Tag Archive | watching a calving

Holy Cow!

The dining room waiter pulled out my chair and then deftly slid it in as I sat down. I smiled at him as he opened my cloth napkin and laid it on my lap. Such respectful, formal treatment by everyone working in the main cruise ship dining room made me look forward to returning there for all my meals. Besides the sterling service, the food we ordered was, without exception, well prepared and attractively presented.

This morning, we shared our table with fellow travelers, Pat and Lorin. Our conversation centered on how many cruises we’d been on and about the park rangers who were giving talks on the Alaskan wildlife which was to take place in the Crow’s Nest Lounge. The main activity for the day was seeing a glacier close-up. Our cruise ship was to approach within half a mile of the face of the Johns Hopkins Glacier, in the Glacier Bay National Park and Preserve.

Upon parting from our dining room friends, Tammie and I hurried up to the Crow’s Nest Lounge on deck eleven. Good fortune allowed us to almost immediately find recently vacated deck loungers along the observation windows. The ship was moving slowly now, and tall, rocky land rose up on each side of us. In the distance, we could see snow-covered mountain tops.

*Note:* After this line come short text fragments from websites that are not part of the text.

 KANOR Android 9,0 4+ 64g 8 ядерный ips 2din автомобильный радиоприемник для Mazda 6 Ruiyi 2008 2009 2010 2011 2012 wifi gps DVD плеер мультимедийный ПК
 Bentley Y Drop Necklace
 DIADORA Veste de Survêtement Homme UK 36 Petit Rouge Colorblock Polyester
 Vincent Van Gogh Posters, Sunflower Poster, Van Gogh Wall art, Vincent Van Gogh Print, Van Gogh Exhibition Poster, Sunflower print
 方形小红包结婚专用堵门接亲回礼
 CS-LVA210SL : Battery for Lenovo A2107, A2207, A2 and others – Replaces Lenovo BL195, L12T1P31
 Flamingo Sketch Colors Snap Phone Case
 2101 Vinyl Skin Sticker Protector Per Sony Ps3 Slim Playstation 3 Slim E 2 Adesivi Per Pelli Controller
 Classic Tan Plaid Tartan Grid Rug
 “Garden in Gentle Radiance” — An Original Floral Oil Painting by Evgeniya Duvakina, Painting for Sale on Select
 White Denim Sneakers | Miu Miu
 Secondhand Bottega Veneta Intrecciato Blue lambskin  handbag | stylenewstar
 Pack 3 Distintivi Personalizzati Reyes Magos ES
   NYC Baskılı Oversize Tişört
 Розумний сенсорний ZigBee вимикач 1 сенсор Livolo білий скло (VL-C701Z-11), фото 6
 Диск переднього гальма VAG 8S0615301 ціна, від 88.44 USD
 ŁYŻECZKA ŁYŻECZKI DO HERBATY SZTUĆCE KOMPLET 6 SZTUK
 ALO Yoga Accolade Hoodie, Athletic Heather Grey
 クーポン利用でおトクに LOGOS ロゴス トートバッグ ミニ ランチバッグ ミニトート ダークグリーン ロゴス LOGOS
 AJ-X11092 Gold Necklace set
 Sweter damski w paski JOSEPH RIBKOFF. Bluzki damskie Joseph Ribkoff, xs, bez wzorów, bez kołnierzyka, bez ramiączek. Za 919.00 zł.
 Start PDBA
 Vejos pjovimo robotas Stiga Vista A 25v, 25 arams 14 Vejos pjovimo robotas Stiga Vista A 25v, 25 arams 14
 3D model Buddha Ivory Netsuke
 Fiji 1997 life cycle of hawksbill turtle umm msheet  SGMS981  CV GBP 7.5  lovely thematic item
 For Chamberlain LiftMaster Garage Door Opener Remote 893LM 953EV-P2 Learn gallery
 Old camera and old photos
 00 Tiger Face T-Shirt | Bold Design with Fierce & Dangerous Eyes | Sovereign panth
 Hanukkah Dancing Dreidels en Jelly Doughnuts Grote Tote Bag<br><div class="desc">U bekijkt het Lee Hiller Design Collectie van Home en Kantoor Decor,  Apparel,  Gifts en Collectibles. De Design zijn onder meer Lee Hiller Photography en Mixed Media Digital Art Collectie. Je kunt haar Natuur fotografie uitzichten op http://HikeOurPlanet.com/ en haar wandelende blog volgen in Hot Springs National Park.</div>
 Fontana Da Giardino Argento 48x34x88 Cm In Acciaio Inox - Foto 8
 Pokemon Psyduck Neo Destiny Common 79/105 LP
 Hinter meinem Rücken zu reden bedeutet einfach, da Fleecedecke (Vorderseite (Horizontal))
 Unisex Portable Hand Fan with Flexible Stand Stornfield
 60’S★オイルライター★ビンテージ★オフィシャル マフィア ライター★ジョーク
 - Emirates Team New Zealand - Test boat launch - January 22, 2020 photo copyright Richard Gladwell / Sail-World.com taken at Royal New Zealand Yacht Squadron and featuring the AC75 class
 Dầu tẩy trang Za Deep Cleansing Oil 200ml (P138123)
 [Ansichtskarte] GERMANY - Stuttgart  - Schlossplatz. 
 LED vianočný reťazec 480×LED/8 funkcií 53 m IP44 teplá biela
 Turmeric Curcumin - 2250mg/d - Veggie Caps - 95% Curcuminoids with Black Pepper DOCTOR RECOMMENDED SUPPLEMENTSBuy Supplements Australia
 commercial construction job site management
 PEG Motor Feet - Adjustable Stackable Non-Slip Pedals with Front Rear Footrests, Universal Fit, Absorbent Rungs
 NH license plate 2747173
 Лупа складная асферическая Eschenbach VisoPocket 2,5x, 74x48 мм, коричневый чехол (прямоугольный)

The lounge was very large and curved, so I couldn’t see where the ranger was, but he had a microphone so everyone could hear. He explained that Harry Fielding Reid, who discovered this glacier in 1893, named it Johns Hopkins after the university in Baltimore, Maryland. The ranger continued, “The Johns Hopkins Glacier is one of the few advancing tidewater glaciers of the Fairweather Range. Starting on the eastern slopes of Lituya Mountain and Mount Salisbury, it is12 miles long. The face of this glacier is one and a half miles wide.”